9

In Rx, what is the point of returning Single for all of our networking request responses, if every call to that method, first of all converts it to an Observable so that it can use flatMap, filters, combineLatest etc.

I get that Observable's have more overhead, Single can only return once, thats all clear. But is it not MORE overhead to create a Single, return it, convert it and now have the Observable we were trying to avoid in the first place.

I don't know if its just Rx I don't like, or how the team here is using it. But it is pissing me off, to no end, how massively overly complicated this is. It really feels to me like this is following a textbook approach while ignoring all the practical details.

<rant>
Next person to say "because its the Rx way", is getting a monitor thrown at their head.
</rant>

Comments
  • 9
    Because its the rx way!
    And now give me my free monitor please ;)
  • 0
    I’d say in this instance there’s likely little gained from doing it Rx-y unless you’re doing transformation / multi-observe on the result.

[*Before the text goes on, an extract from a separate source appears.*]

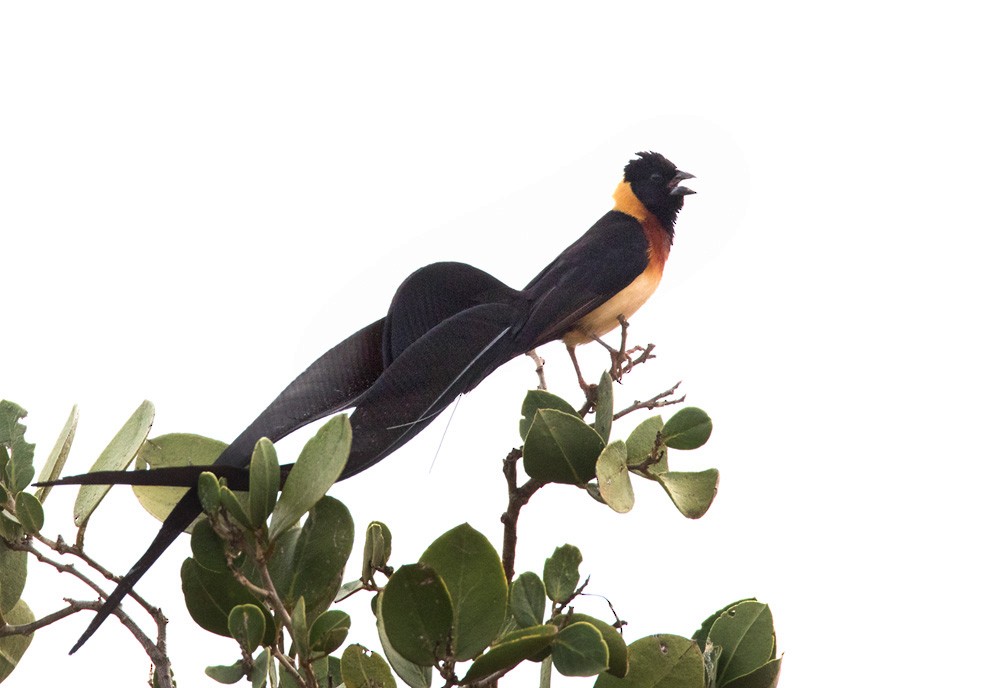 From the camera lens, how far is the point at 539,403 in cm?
118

    I’d stick to a promise and I’m sure Rx has a promise => observable function in there if you need to bridge the gap eventually.
  • 0
    @Brolls Its for Native mobile (RxSwift and RxJava) there is no promise implementation without bringing in another framework. Guys want to use Rx to change how a lot of this stuff works (semi onboard with that idea).

    They aren't using any multi, as far as I can see. They are using a lot of transformations, filtering, skipping etc.

    But my point is:

    func fetchData() -> Single<Data> {...}

    func fetchData2() -> Single<Data> {...}

    Observable.combineLatest(

    fetchData.asObservable(),

    fetchData2.asObservable()

    ).flatmap .............

    If I only ever call fetchData and immediately convert it to an Observable, and never actually use it as a Single ... why should I not just cut out the middle man and return an Observable. Why is the "Rx way" to put a needless step in the middle to convert it
  • 1
    Oh, that looks wrong to me.

    I’d return Observable<Result> from each, no ToSingle and then use something like select many and switch to get the values out, but combinelatest is good too if you want that dual data at the same time.
  • 0
    Just a stab in the dark coming from angular. But would a Single automatically unsubscribe where as an observable you would have to keep the reference and unsubscribe on tear down?
  • 0
    @pain0486 hhhmmm, yes I think you are correct, but is that benefit not negated when you convert it to an Observable?